Note: This was cross-posted with permission from Historicity (Was Already Taken).
The Kanuni i Leke Dukagjinit (The Code of Lekë Dukagjini) is an oral law code which ruled the lives of those residing in the Northern Albanian area for at least five centuries. It was first codified in the 15th century by the Albanian Prince Lekë Dukagjini, but it was not written down until the 19th century. For this reason, scholars are unsure as to its origins.
The Kanun is divided into 12-14 sections (depending on which version you are looking at) dealing with church, family, marriage, house, livestock, property, work, spoken word, honor, damages, criminal law, judicial law, and exemptions and exceptions. In short, it governed every aspect of daily life.

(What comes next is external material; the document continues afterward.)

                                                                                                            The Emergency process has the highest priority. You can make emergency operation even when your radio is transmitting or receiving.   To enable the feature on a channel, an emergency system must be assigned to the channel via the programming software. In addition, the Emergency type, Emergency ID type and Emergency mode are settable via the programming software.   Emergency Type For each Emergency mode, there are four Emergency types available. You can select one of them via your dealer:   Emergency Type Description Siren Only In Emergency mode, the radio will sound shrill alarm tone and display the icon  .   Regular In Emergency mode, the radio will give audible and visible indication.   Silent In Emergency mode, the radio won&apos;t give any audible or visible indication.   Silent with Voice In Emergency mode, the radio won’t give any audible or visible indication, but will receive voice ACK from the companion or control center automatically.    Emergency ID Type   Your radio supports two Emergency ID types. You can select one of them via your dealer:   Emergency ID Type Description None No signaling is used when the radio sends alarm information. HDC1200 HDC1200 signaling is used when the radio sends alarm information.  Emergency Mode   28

Of women, the Kanun says: “A woman is a sack made to endure.” Under the Kanun, women are the property of their fathers, and later of their husbands and their husbands’ family. There were very few jobs women could hold, and many establishments they were not allowed to enter.
However, what is fascinating about the Kanun is that it provides a way for women to regain control over their lives; it is a loophole, of sorts. In fact, you could even call it empowering if you are speaking from a pre-feminist standpoint.
The loophole was that women had the ability to become a man in the eyes of both family and society. The women who became men were, and still are, known as sworn virgins. Upon taking a vow set forth in the Kanun, a woman would dress like a man, act like a man, work like a man, and command the respect accorded to a man; the only thing she was not allowed to do was to engage in sexual activity.

Sworn virgin Shkurtan Hasanpapaj worked for many years as a high ranking officer for the Communist Party. She supervised many men, and none questioned her authority as a man even as the government body they worked for strove to stamp out adherence to the Kanun.